Modern research into arms and armour of the period helps us to prove or disprove various theories regarding the soldier’s battlefield experience. How a man was equipped for battle tells us much about how he fought, while surviving musters record how a soldier was recruited and what he wore in combat. The English climate, especially the unseasonable and abrupt weather changes during some campaigns, also played a part in how soldiers moved around the country. And how men were supplied, paid and billeted explains their physical, logistical and willingness to fight when armies came face to face.
So, what effect did all this have on the soldiers thrown into combat at famous battles like St Albans, Towton, Barnet, Tewkesbury and Bosworth? Of course, there are numerous political questions about why individuals participated in the wars. Still, contemporary records, other than the chronicles, prove that civil warfare, blood feuding and provincial recruitment practices placed constraints on all those who fought in the wars. The impact of new technology such as artillery and handguns on medieval soldiers also meant that the Wars of the Roses was a watershed for most commanders, and this led to new ways of waging war that proved ‘unchivalrous’ and contrary to experiences in the Hundred Years War with France.
It is probably no accident that many contemporary chroniclers rarely mention a soldier’s experience, except collectively or as part of an over-estimated strength or casualties after battles were over. More than likely, it was common knowledge how men pursued war, so why describe a battle in detail? However, according to some more astute contemporaries, English soldiers were not typical medieval warriors. Records also described them as ill-equipped, untrained and untrustworthy individuals. For example, soldiers in the Wars of the Roses had different reasons for taking up arms, and some gentry managed to avoid battles altogether. For others, civil war and local feuding heightened their psychology of violence and willingness to commit battlefield atrocities. Even the physical appearance of soldiers was different according to foreign visitors to England. The Italian writer Dominic Mancini made these observations on the Northern and Welsh levies that had been recruited into Yorkist ranks by Richard Duke of Gloucester and the Duke of Buckingham in 1483:
There is hardly any without a helmet, and none without bows and arrows. Their bows and arrows are thicker and longer than those used by other nations, just as their bodies are stronger than other peoples’, for they seem to have hands and arms of iron. The range of their bows is no less than that of our arbalests [crossbows] [and] there hangs by the side of each a sword no less long than ours, but heavy and thick as well. The sword is always accompanied by an iron shield…they do not wear any metal armour on their breast nor on any other part of their body, except for the better sort who have breastplates and suits of armour. Indeed, the common soldiery have more comfortable tunics that reach down below the loins and are stuffed with tow [cotton] or some other material. They say that the softer the tunics, the better they withstand the blows of arrows and swords, and besides that, in summer they are lighter and in winter more serviceable than iron.
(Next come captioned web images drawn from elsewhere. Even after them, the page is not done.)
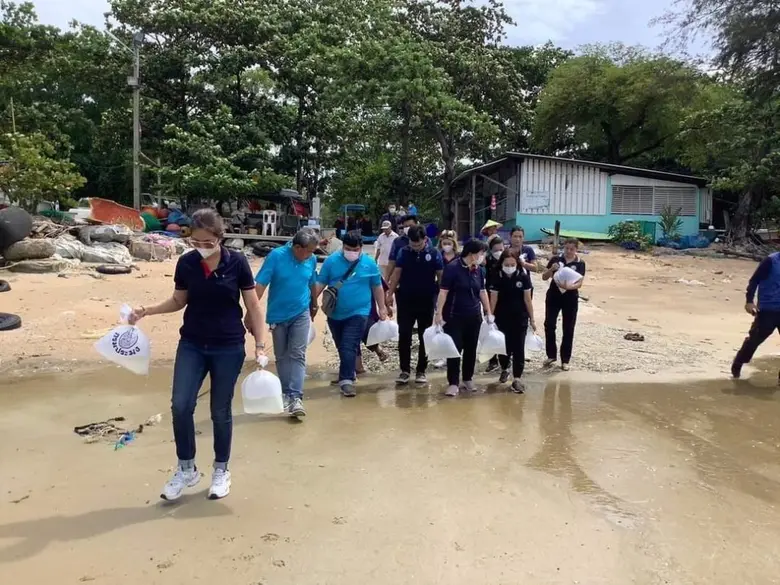 บริษัท ยูนิไทย ชิปยาร์ด แอนด์ เอ็นจิเนียริ่ง จำกัด ร่วมกิจกรรมอนุรักษ์พันธุ์สัตว์น้ำ ณ ชายหาด ชุมชนบ้านแหลมฉบัง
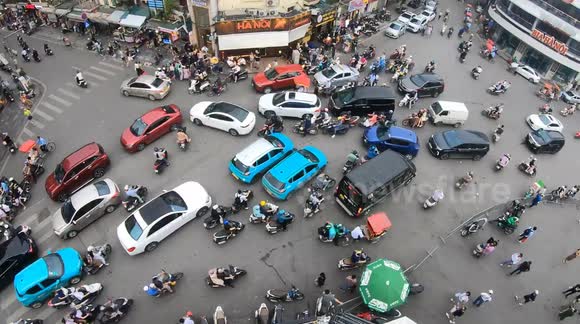 Would You Dare Cross This Insane Intersection? Vietnam’s Heart-Stopping Chaos and Wild Traffic Caught in Timelapse!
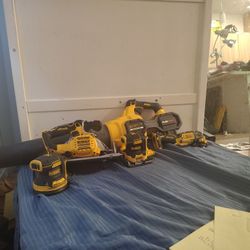 DeWalt Tool Set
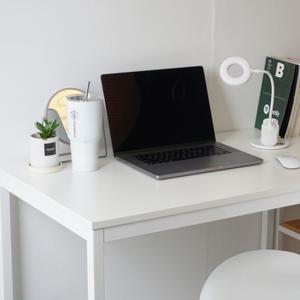 비셀리움 모던테이블 화이트프레임 1인용 조립식 철제 노트북 테이블 800 1000 1200 1400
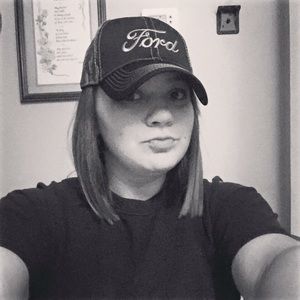 Meet your Posher, Hali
In the absence of any other evidence in contemporary letters or chronicles, this description of the Wars of the Roses soldier has become a well-used standard. All the footmen described by Mancini possessed a helmet, a bow and arrow, a sword and buckler and a padded jack. But according to other musters, this was not typical of all soldiers in the wars, and some recruits were deficient in arms and armour.
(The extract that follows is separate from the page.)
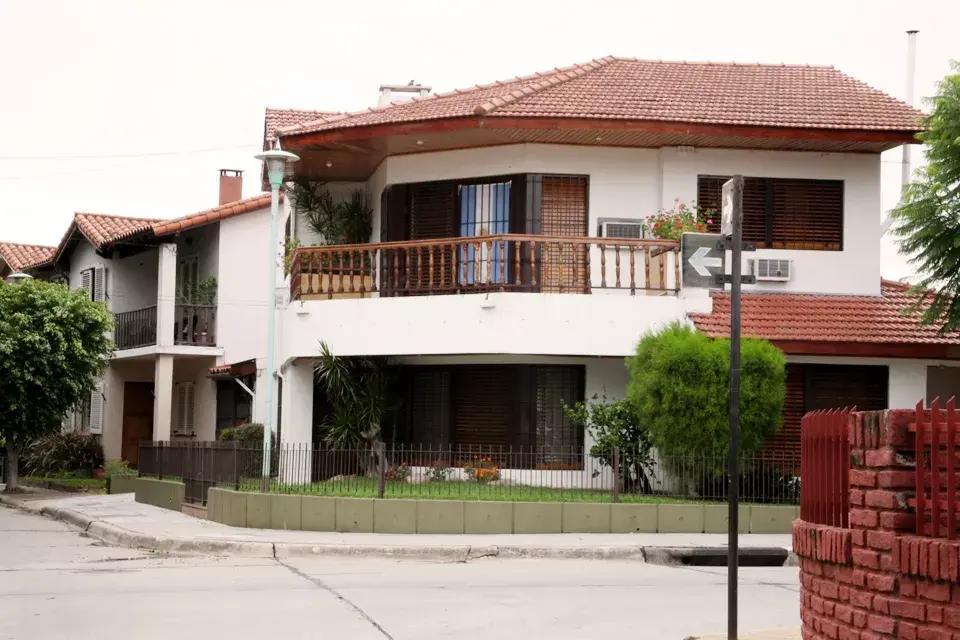 Antiguamente conocido como “Barrio Perón”,  El Barrio Parque Cornelio Saavedra está formado por un trazado de calles circulares concéntricas rodeadas de arboles y edificios de gran historia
Most contemporary chronicles were written by monastics and members of the clergy who were, quite naturally, more interested and concerned with matters having a direct bearing on their own lives, such as the fabric and antiquities of their church, rather than in the details of medieval warfare. Other chroniclers, mainly laymen and those with battlefield experience, were intensely interested in warfare but wrote in the very best chivalric tradition of the period, applying a veneer of heroism or romance to the bloodbaths they described. Writers, like the famous and habitually imprisoned Sir Thomas Malory (1415-71), described fighting of the period in detail, and in his classic Morte D’arthur, he even describes how a soldier witnessed a battlefield littered with enormous casualties like Towton:
[He] saw and harkened by the moonlight how that pillagers and robbers were come into the field to pill and to rob many a full noble knight of his brooches and beads and of many a good ring and many a rich jewel. And those that were not dead, they slew them for their harness [armour] and their riches.
According to P.J.C. Field, Malory likely witnessed a Wars of the Roses battle and its aftermath. However, some narratives, other than romantic literature, betray the overriding influence of propaganda, which is hardly surprising given the political nature of the conflict. Foreign writers also showed bias or favouritism, chiefly to please their patrons, while later Tudor chroniclers expressed extreme prejudice towards the Yorkist regime, and it is they that are traditionally held responsible for the most detailed information about the Wars of the Roses that we rely on today.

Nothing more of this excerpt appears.